Back twenty years ago, it was common that when you found a good website or page, you would bookmark it within folders by topics so you could return to it when you needed it. Over time, that practice seems far less necessary because we had reliable search engines that would give you exactly what you needed.
Those days are gone and users are back again to bookmarking everything. Whereas localized search was once essential and then became unnecessary, they are now necessary once again. I know for sure that I can get the news that matters via The Epoch Times’s own search engines but the same content eludes Google completely.

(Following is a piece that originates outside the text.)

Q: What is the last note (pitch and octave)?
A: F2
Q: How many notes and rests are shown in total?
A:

This is where ChatGPT is valuable. It cuts through the nonsense and provides the essential information you need for basic facts in history. It can also be a delight in composing poetry. For example, I asked for a poem about The Epoch Times in the style of Oscar Wilde and got this in 10 seconds:
Thy reporters, like knights in shining armor, Uncover secrets and expose with ardor. Shining a light on the darkest of corners, With pen and paper replacing swords for honor.

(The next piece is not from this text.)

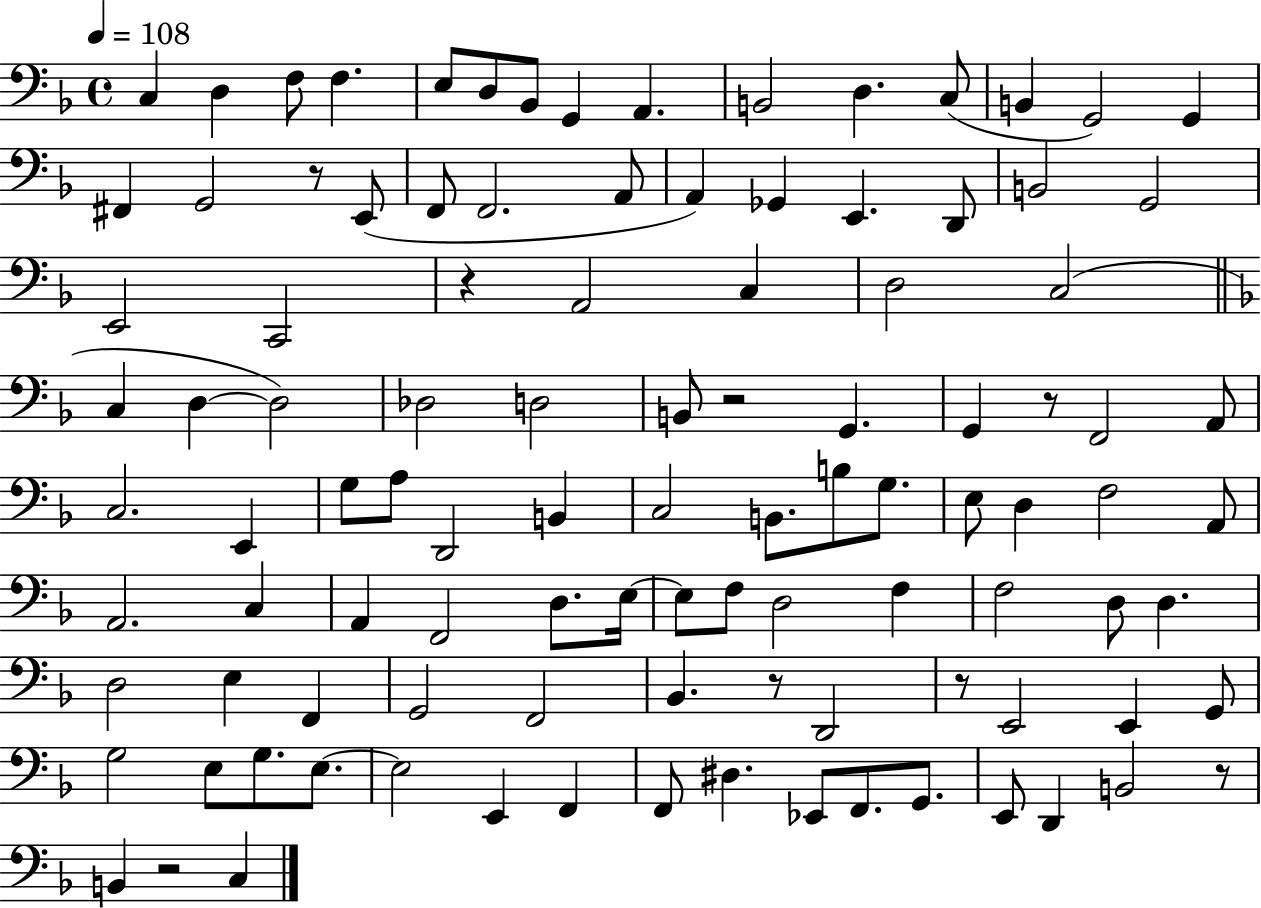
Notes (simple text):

C3/q D3/q F3/e F3/q. E3/e D3/e Bb2/e G2/q A2/q. B2/h D3/q. C3/e B2/q G2/h G2/q F#2/q G2/h R/e E2/e F2/e F2/h. A2/e A2/q Gb2/q E2/q. D2/e B2/h G2/h E2/h C2/h R/q A2/h C3/q D3/h C3/h C3/q D3/q D3/h Db3/h D3/h B2/e R/h G2/q. G2/q R/e F2/h A2/e C3/h. E2/q G3/e A3/e D2/h B2/q C3/h B2/e. B3/e G3/e. E3/e D3/q F3/h A2/e A2/h. C3/q A2/q F2/h D3/e. E3/s E3/e F3/e D3/h F3/q F3/h D3/e D3/q. D3/h E3/q F2/q G2/h F2/h Bb2/q. R/e D2/h R/e E2/h E2/q G2/e G3/h E3/e G3/e. E3/e. E3/h E2/q F2/q F2/e D#3/q. Eb2/e F2/e. G2/e. E2/e D2/q B2/h R/e B2/q R/h C3/q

So, sure, it is fun. It is erudite in ways people are not anymore.
Ironically, what it is not is intelligent, despite the name. It creates nothing, of course, but it is not even particularly insightful, much less intuitive, on what it is you are asking. Sure, it will improve over time but I’m not exactly feeling the earth move under my feet here.
Can we really believe that Nvidia should have a $1 trillion market cap? Count me as skeptical. This looks for all the world like a bubble to me. This should not be a time of bubbles but rather shrinkage across the board. Instead we see once again a mad rush into the new thing.
This suggests that there is a lot more fluff to be squeezed out of the financial markets. Getting off the drug of cheap credit is not easy. While everyone hopes for a soft landing, the Fed is nowhere near capable of achieving that given the situation today.
There’s every indication that as we slog through summer and enter the fall and beyond, we will face a recession the likes of which this generation has never faced before. I might argue in detail that we never left the forced depression of March 2020 and everything else is an illusion. But that is for another time.
But let historians learn this lesson. It is not free markets that create the boom-bust cycles. Rather it is the interventions in the form of central-bank manipulation of money and credit that created these cycles. This contrasts to the theory of the late 19th and 20th centuries. Now we surely know that the physician is not the healer but the source of the problem.
Let us hope that the lesson has sunk in.